NYFF ‘11: Miss Bala review

In Mexico in the past 5 years alone drug cartels have been responsible for over 36,000 deaths. This horrifying statistic is shown onscreen during “Miss Bala,” a fictional but no less gripping thriller about a beauty pageant contestant who is kidnapped by a drug lord and forced to become a runner for his gang. Laura Guerrero (excellent newcomer Stephanie Sigman) is a poor young woman from Tijuana who wants to apply for the Miss Baja California beauty pageant to win the prize money for her family. But while tracking down her friend Suzu at a disco she ends up trapped in the bathroom when the gang invades the place and turns it into a bloodbath. Suzu disappears so after a few days Laura tries tracking her down but soon finds that the law enforcement may not be of much help as she ends up face to face with the drug lord Lino (Noe Hernandez) who gathers her name, address and phone number and let’s her go. Shortly afterwards she’s contacted to start running errands for Lino and things only become more intense from there.

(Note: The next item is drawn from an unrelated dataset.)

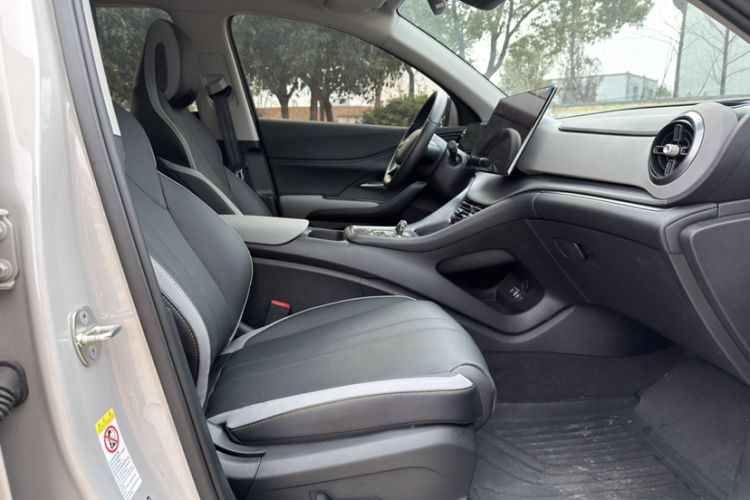 Used BYD Sealion 05 DM-i 2025 DM-i Smart Drive 115KM Flagship Model Right Front Seat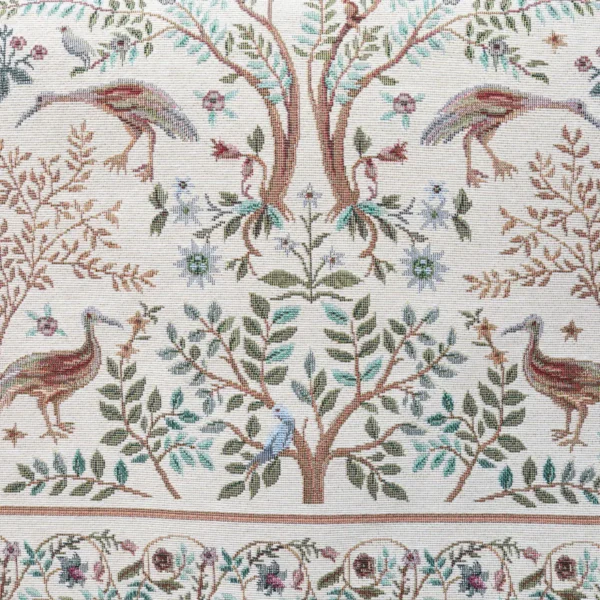Stalo takelis William Morris Rojus žemėje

Loosely inspired by a real incident where a beauty queen was arrested with gang members and later quietly released by police, director/co-writer Gerardo Naranjo and co-writer Mauricio Katz worked from the headline backwards to imagine what she might have done to end up in that situation. The camera is almost never away from Laura the entire film so we never know more than she does in any given situation. You may feel a bit behind during the first half of the film, as Laura does, but by the end most of the pieces fit together to what was going on the whole time. This is harrowing (and potentially depressing) subject matter but Naranjo makes it thrilling to watch. Shot in incredibly long fluid takes that keep the suspense mounting throughout, the film avoids cliches and shows incredible restraint. By keeping things serious but not veering into the grotesque, the film is a sparse artful thriller with a conscience. Many will be turned off by the bleak subject matter but they’ll be missing out on one of the strongest films of the year.